§ **Data to examine**
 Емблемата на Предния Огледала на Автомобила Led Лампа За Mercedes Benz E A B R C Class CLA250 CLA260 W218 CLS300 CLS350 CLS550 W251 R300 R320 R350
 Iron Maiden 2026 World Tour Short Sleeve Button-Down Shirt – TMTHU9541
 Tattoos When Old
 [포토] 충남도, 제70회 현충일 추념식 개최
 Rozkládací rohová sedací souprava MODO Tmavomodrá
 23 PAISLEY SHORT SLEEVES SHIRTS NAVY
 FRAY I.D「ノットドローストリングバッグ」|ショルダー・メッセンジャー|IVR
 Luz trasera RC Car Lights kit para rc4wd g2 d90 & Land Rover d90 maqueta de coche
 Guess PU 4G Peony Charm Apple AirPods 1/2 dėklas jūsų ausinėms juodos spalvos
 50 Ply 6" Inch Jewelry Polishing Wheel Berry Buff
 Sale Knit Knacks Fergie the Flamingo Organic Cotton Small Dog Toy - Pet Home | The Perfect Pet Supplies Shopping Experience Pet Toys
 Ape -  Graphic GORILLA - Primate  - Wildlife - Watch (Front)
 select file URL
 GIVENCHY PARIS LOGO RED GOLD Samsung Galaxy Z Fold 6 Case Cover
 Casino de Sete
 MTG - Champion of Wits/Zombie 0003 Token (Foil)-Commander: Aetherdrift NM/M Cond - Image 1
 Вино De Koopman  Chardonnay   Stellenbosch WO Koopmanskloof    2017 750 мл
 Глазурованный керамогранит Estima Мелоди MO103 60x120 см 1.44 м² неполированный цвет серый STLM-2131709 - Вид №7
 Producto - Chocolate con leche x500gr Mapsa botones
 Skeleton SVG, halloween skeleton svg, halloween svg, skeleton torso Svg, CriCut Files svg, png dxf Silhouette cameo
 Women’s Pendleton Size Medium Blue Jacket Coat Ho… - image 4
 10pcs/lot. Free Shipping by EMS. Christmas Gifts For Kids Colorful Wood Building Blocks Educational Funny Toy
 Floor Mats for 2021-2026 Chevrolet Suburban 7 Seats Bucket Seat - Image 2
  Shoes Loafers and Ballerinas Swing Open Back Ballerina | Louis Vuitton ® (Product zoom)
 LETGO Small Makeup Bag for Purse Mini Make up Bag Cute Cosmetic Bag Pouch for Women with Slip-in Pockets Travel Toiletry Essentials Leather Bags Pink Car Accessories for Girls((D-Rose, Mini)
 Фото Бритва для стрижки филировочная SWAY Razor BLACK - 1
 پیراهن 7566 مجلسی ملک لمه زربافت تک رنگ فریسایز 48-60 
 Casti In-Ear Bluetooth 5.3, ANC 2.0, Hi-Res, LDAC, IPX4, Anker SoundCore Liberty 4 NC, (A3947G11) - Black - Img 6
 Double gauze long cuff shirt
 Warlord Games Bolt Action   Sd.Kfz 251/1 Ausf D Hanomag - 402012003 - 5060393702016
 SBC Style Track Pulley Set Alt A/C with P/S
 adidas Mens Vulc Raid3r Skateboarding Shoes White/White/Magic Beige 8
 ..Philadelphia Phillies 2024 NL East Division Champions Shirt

§ **Goal of the exercise**
Take from the material above the lines running from the one with "Women’s Pendleton Size" through the one with "Shoes Loafers and", and repeat them exactly, with nothing else.

§ **Reply to the exercise**
 Women’s Pendleton Size Medium Blue Jacket Coat Ho… - image 4
 10pcs/lot. Free Shipping by EMS. Christmas Gifts For Kids Colorful Wood Building Blocks Educational Funny Toy
 Floor Mats for 2021-2026 Chevrolet Suburban 7 Seats Bucket Seat - Image 2
  Shoes Loafers and Ballerinas Swing Open Back Ballerina | Louis Vuitton ® (Product zoom)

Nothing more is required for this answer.